Demand for oysters in the premium half-shell market drives the need for research to optimize and improve oyster aquaculture production methods. After setting, oysters are typically maintained in nursery upwellers that provide nutrients and oxygen while removing waste. They remain in the nursery until they are large enough to be deployed in aquaculture gear. Land-based upweller systems include silo and bottle upwellers, with bottles requiring less space and maintenance. However, it is unknown if upweller type influences oyster growth, shape, or survival after field deployment. This study reared Eastern oysters, Crassostrea virginica, to 2 mm in silo or bottle upwellers and deployed them to floating bags for a six-week grow-out period. Oysters were sampled initially, then size graded, counted, and redeployed every two weeks. Changes in growth parameters, quality ratios, survival, and hinge backbend deformity prevalence were determined after six weeks. Initially, silo-reared oysters were larger than those reared in bottles, likely due to the need for flow rate optimization and/or the tumbling action that breaks the fragile growing edge of the shell. Despite these initial differences, there were minimal size differences between upweller types after six weeks of growth in the field. There were no significant differences in survival, hinge backbend abnormality prevalence, or size class distribution between upweller types. These results indicate that upweller choice has minimal impact on the grow-out phase of oyster production and both systems are acceptable for Eastern oyster production in the northern Gulf of Mexico.

1 Introduction

Oyster aquaculture production in the United States has increased an average of 1 million pounds per year since 2012. In 2019, over 42.3 million pounds of oysters were produced, valued at over $220 million (National Marine Fisheries Service, 2022). Increased demand for single-set oysters destined for the high-value half-shell market has led to increased interest in Eastern oyster (Crassostrea virginica) farming along the Gulf coast. The first commercial farms in these regions were established in 2009 in Alabama and Louisiana, followed by Florida in 2015, Mississippi in 2019, and Texas in 2021. Despite the expansion of the oyster farming industry, there remains unfulfilled demand in the half-shell oyster market (Botta et al., 2020). To aid in meeting this need, techniques are required that optimize growth and survival of cultured animals.

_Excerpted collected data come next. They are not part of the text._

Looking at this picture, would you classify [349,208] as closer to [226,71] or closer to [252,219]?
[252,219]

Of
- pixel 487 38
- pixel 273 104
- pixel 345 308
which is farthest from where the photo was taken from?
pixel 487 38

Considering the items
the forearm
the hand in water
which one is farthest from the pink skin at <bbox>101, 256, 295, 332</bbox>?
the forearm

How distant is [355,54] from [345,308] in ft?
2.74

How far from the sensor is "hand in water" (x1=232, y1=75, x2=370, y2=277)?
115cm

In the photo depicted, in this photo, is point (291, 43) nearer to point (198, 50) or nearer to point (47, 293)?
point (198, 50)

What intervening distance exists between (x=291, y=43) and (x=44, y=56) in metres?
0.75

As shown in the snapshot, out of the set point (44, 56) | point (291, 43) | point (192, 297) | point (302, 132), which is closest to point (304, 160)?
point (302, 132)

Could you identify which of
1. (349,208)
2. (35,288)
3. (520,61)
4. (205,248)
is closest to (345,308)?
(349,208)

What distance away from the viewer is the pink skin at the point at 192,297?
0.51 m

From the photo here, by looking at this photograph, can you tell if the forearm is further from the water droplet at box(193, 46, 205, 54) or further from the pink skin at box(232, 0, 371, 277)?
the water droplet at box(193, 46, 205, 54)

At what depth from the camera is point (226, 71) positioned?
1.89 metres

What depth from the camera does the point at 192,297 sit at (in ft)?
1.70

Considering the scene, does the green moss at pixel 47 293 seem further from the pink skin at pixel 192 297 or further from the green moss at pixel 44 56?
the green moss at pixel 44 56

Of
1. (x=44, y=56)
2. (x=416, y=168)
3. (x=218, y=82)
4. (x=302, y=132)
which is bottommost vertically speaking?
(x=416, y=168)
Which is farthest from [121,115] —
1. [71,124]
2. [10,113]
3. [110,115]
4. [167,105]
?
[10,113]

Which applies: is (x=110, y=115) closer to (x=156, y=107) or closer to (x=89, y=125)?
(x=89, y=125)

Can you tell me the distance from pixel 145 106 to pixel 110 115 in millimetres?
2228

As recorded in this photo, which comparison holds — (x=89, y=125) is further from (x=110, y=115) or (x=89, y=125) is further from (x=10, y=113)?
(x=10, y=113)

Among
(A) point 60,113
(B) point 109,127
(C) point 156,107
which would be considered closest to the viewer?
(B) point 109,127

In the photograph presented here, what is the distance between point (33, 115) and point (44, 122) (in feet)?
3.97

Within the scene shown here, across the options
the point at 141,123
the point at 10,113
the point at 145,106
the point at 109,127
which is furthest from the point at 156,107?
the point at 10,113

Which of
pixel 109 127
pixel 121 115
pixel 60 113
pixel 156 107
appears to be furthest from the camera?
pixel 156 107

In oyster aquaculture the post-set animals, termed seed, are typically maintained in upwelling systems until they are large enough for field deployment. In these systems, water is pumped upwards through the seed, providing food and oxygen while removing waste. Upweller systems may be floating in a natural body of water (field-based) or housed in land-based nurseries. Land-based upwellers are typically silo or bottle systems (Figure 1). Silo upwellers consist of a cylindrical frame constructed from fiberglass, plastic, or PVC. A mesh screen is securely fastened across one end of the cylinder, providing a surface to hold the seed. With the silo suspended in a tank, water flows upwards through the mesh and seed and flows out of a drain near the top of the cylinder. Bottle upwellers consist of inverted cylindrical bottles, which can be constructed from a soda bottle with the bottom removed or built using higher quality components. Piping runs the water vertically through the bottle, adding food and removing waste in a similar manner to silo upwellers. Bottles may be advantageous to silos as they require less space and maintenance.

FIGURE 1
www.frontiersin.org

Figure 1 Schematic and images of land-based upweller types used in this study. (A) Silo upweller schematic, (B) Silo upwellers, (C) Bottle upweller schematic, (D) Bottle upwellers.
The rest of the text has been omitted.